MORE TROUBLE FOR ALVIN GREENE
South Carolina’s State Law Enforcement Division Chief Reggie Lloyd said on Monday that his agency is determined to know how the unemployed Greene got the money to pay the $10,400. filing fee in the Democratic primary. Greene had been granted a public defender from a prior court case, where he filed papers under oath that he was financially indigent and unable to afford an attorney on his own. So authorities have some very obvious questions for Greene.
According to Chief Lloyd, agents now have at their disposal a new law, which allows them to issue an administrative subpoena to financial institutions to force them to produce records during the investigation of financial crimes. And Greene is a prime candidate for this type of investigation.
Greene, a 32-year-old political unknown with no staff, fundraising or website, stunned party officials when he won 59% of the vote in the June 8th primary, setting him up to face GOP incumbent Sen. Jim DeMint, who is heavily favored to win in the fall.
Completely caught off guard by Greene’s 18-point victory, Democratic Party leaders tried to encourage him to withdraw once it was reported that Greene is facing a felony obscenity charge from last November. But he refused, appearing in a series of awkward and terse news interviews, and forcing Democrats to have to accept him as their own. But with his current troubles, it’s anyone’s guess to see how long he actually remains a candidate.

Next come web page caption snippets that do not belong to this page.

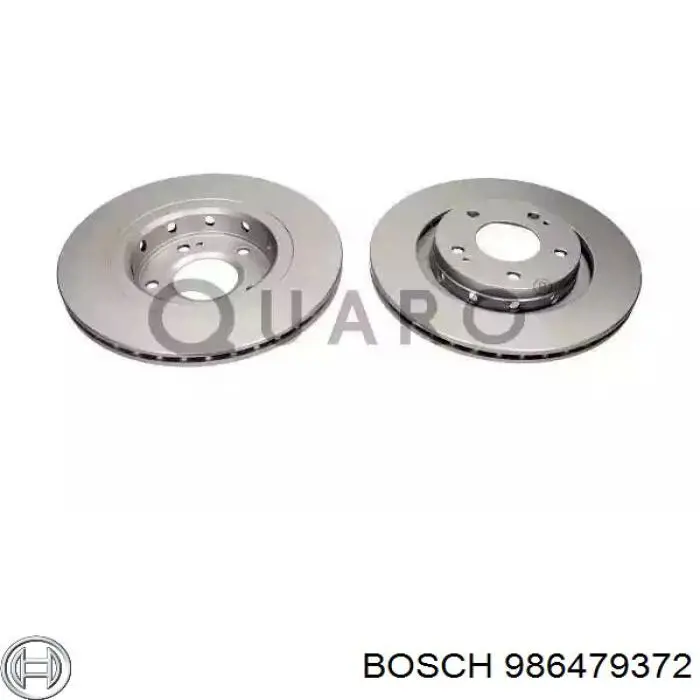Купити 986479372 Bosch Ротор гальмівний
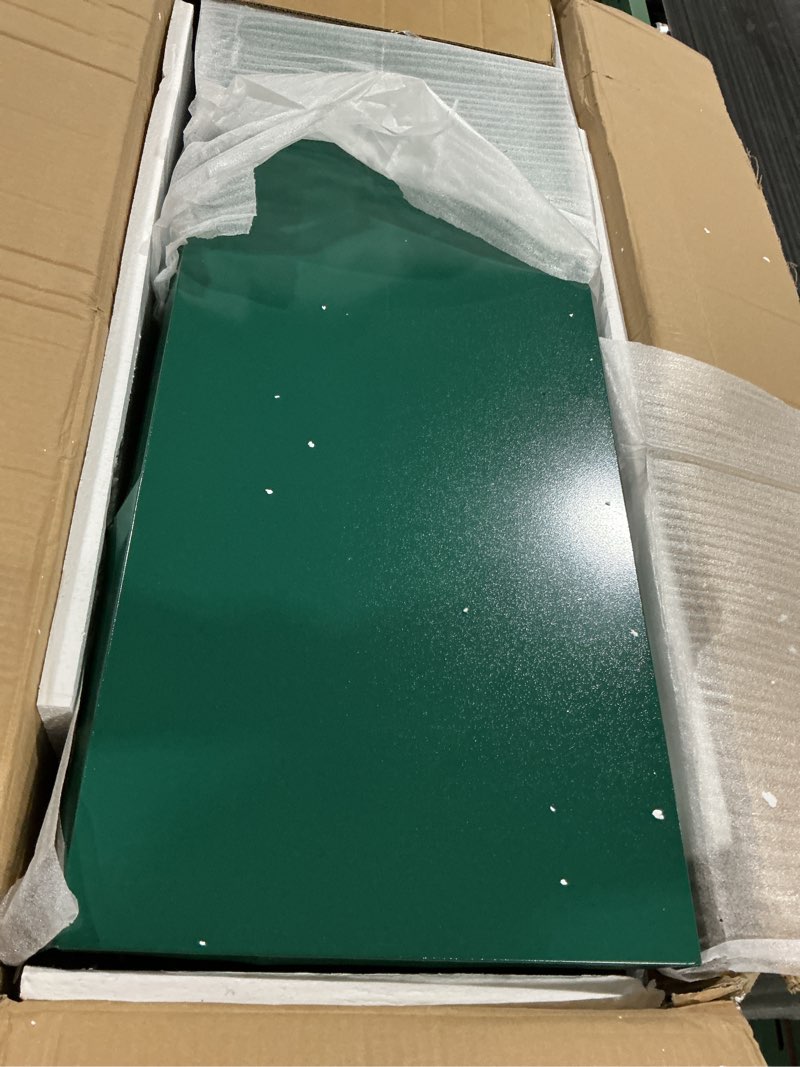 Condition photo showing Good Condition for chicken nesting box, 4 holes nesting boxes, heavy duty metal laying boxes, roll away nesting box egg collection tray, with roosting pole for chicken coop(green)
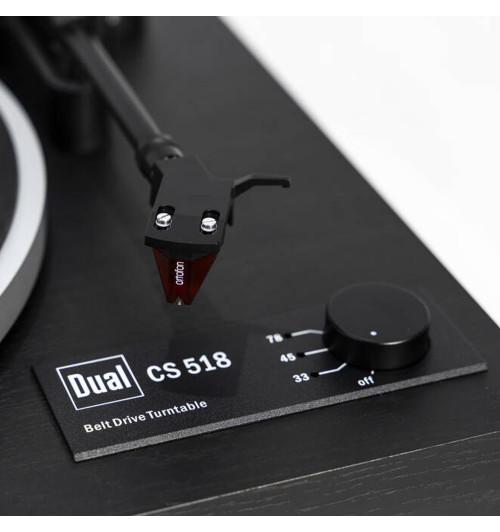 Dual CS 518 - Gramofon manualny z przedwzmacniaczem i wkładką Ortofon 2M Red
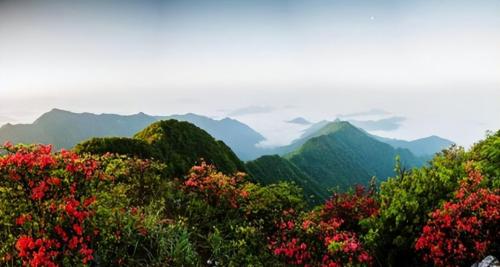 It's a pity to miss one of top 10 mountains in Zhejiang The scenery on top of mountain is beautiful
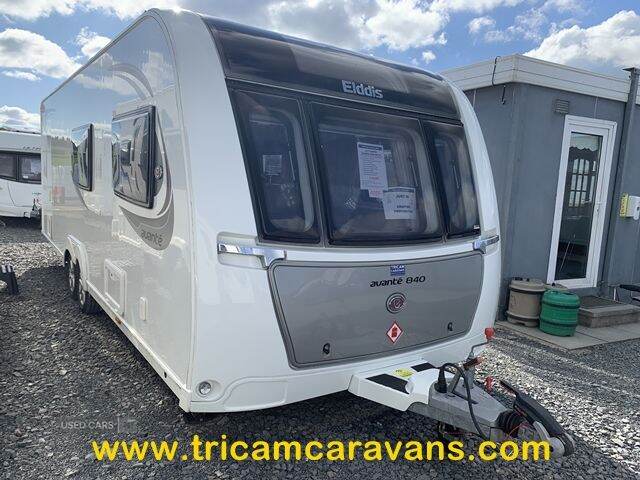 2017 Elddis Avante 840/6, 8' Wide Twin Axle Fixed Bed 6 Berth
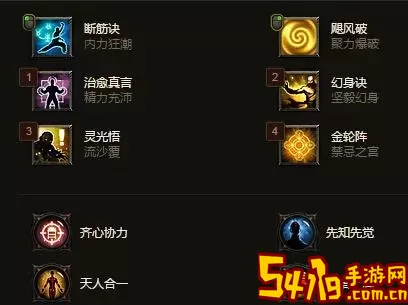 2022暗黑破坏神3武僧加点-暗黑破坏神3武僧流派加点图1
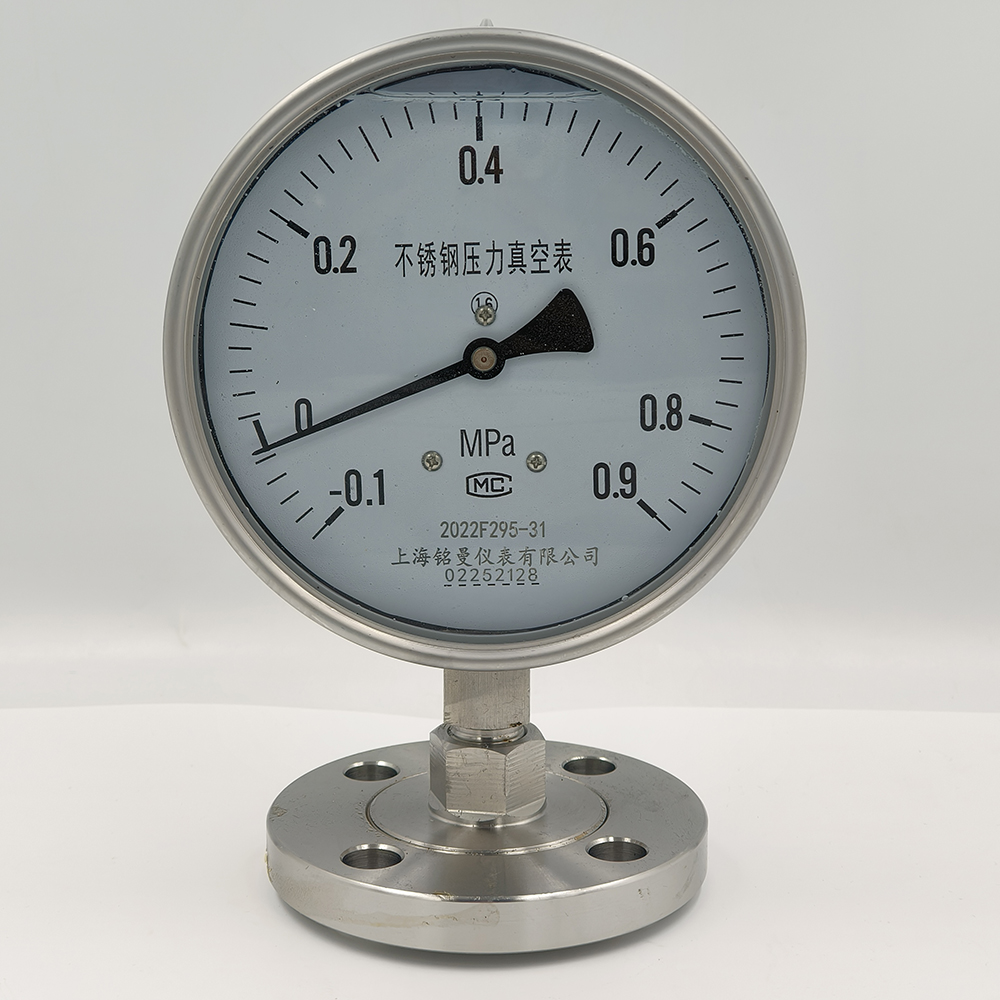 耐震隔膜压力表YNTP150BF，DN25法兰➕四氟，-0.1~0.9mpa.jpg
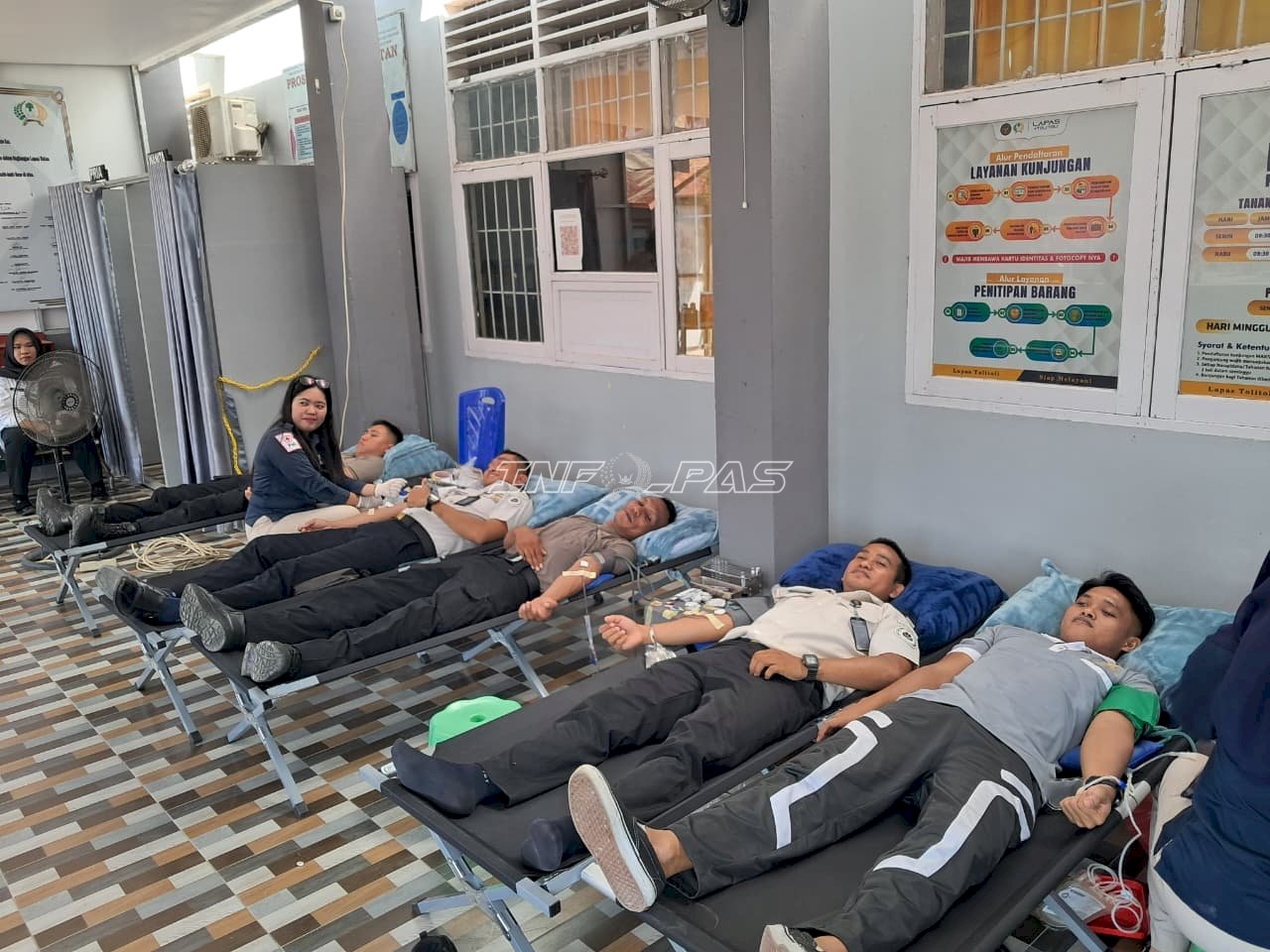 Lapas Tolitoli Libatkan TNI/Polri dalam Aksi Donor Darah HUT RI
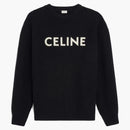 Celine Oversized Sweater in Wool Black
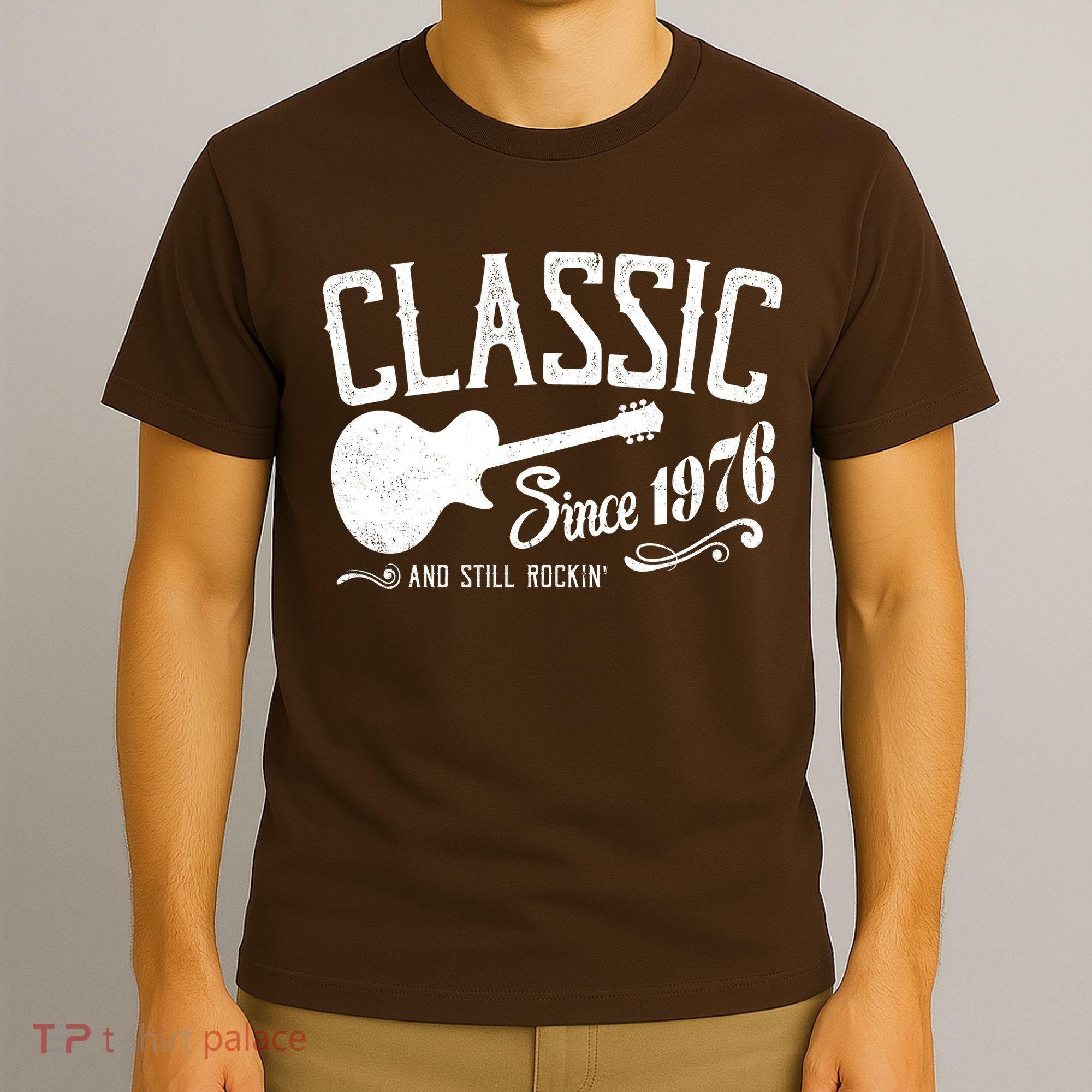 50th Birthday Classic Guitar Since 1976 And Still Rockin T-Shirt
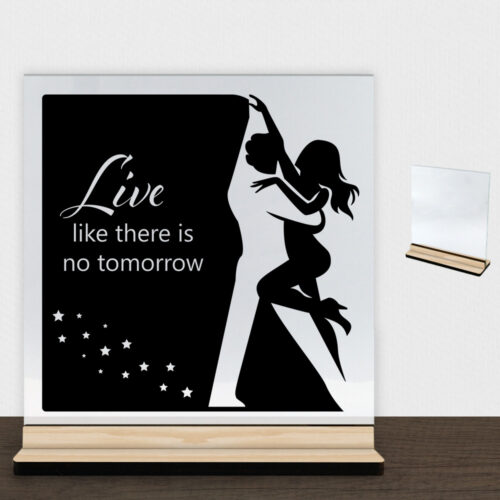 Dancing couple #3 | Glasskilt inkl. fod (træfinér)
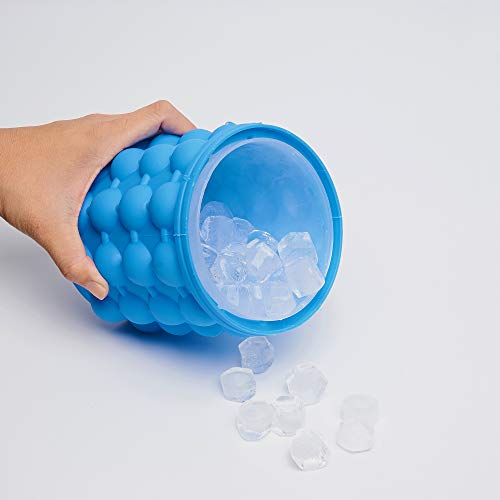 Ice Cube Genie Silicone Bucket As Minifridge/Freezer Maker,Flexible And
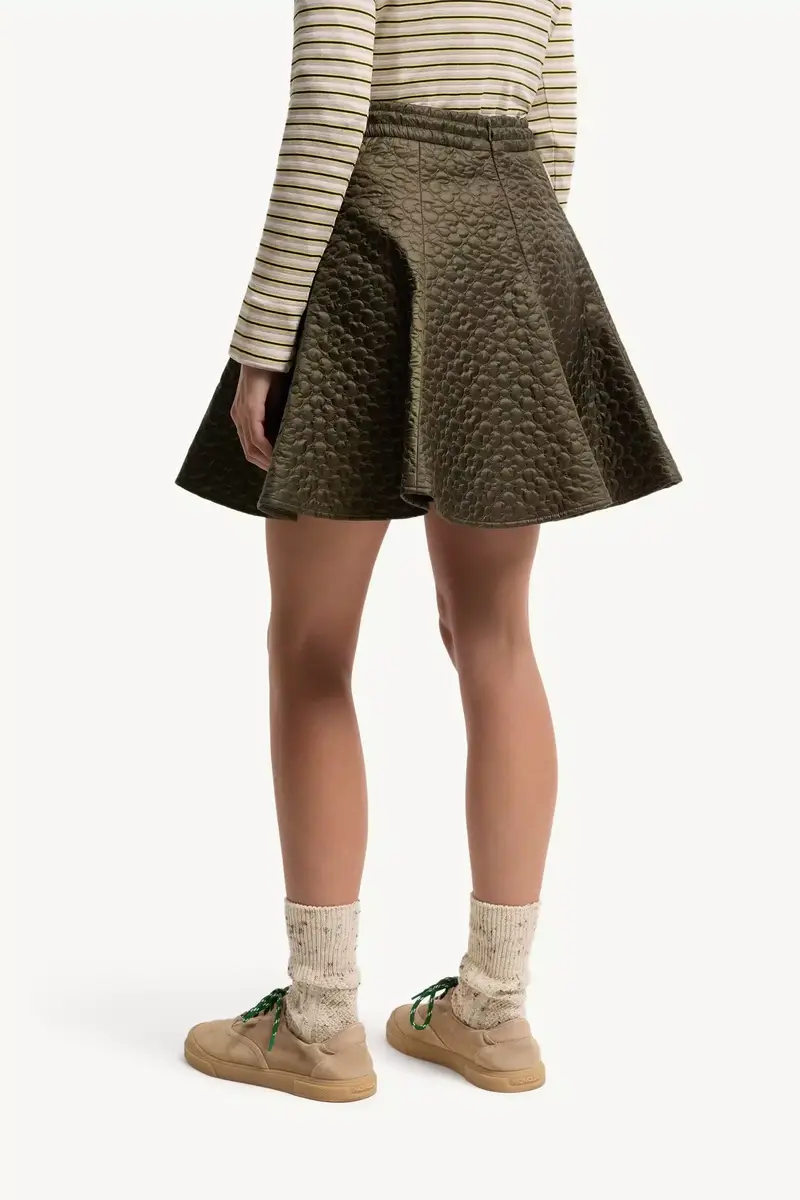 Moncler Floral-quilted Padded Mini Skirt | Thumbnail 6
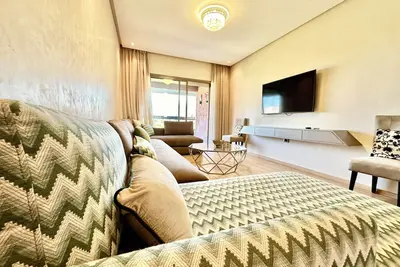 Image de Charming 2-bedroom apartment with WiFi, Ac in lovely Marrakech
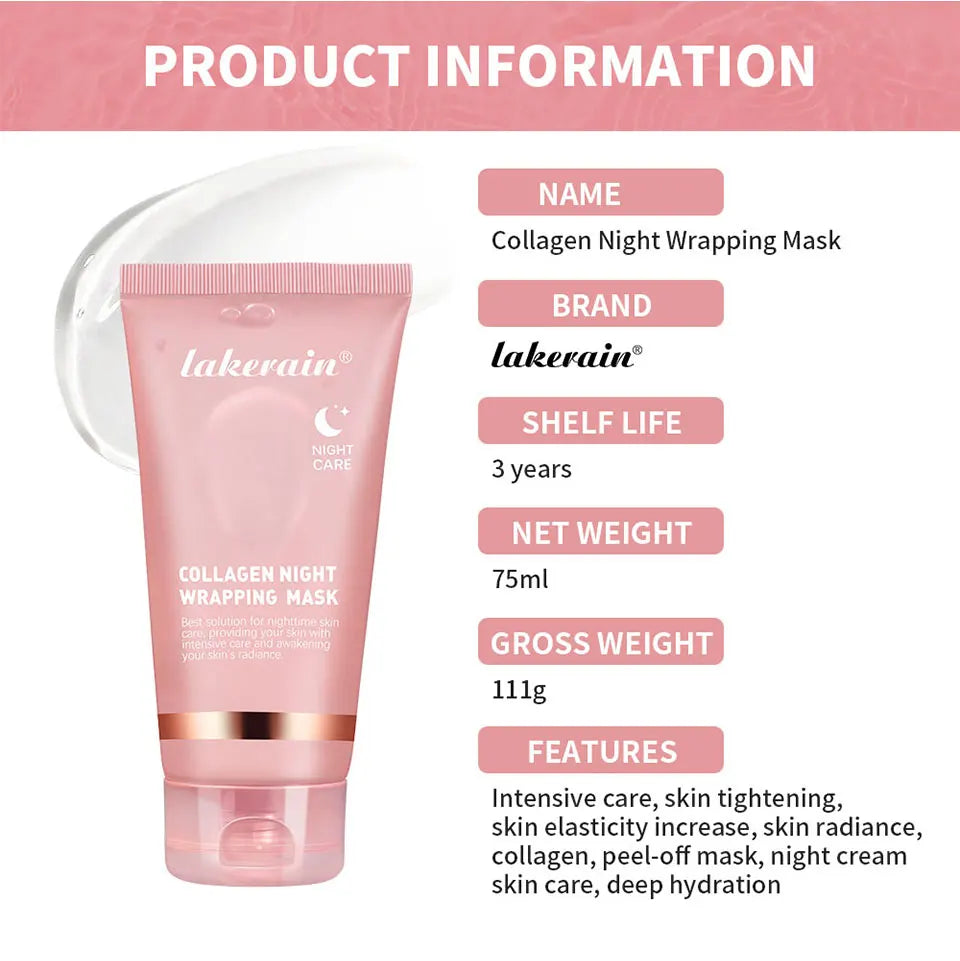 Collagen and Turmeric Peel Off Overnight Facial Mask Duo - 18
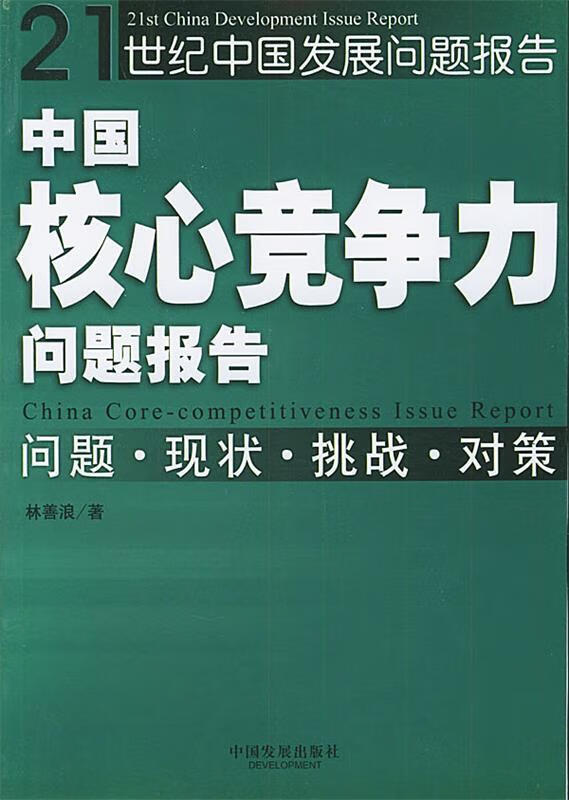 中国核心竞争力问题报告—21世纪中国发展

It has been a felony in South Carolina to pay a person to run for public office for several years now. The state has had a long history of hired candidates to disrupt elections, generally hired to run in the Democratic primary in hopes of disrupting or embarrassing the party.While many Republicans relish these sort of dirt tricks, others find it difficult to deal with the rising anger and cynicism it breeds here in both parties. SC politics have always been dominated by anger so overwhelming it blinds the process to dealing with the state's mounting economic and social issues, which as their aggrivated, make people even angrier.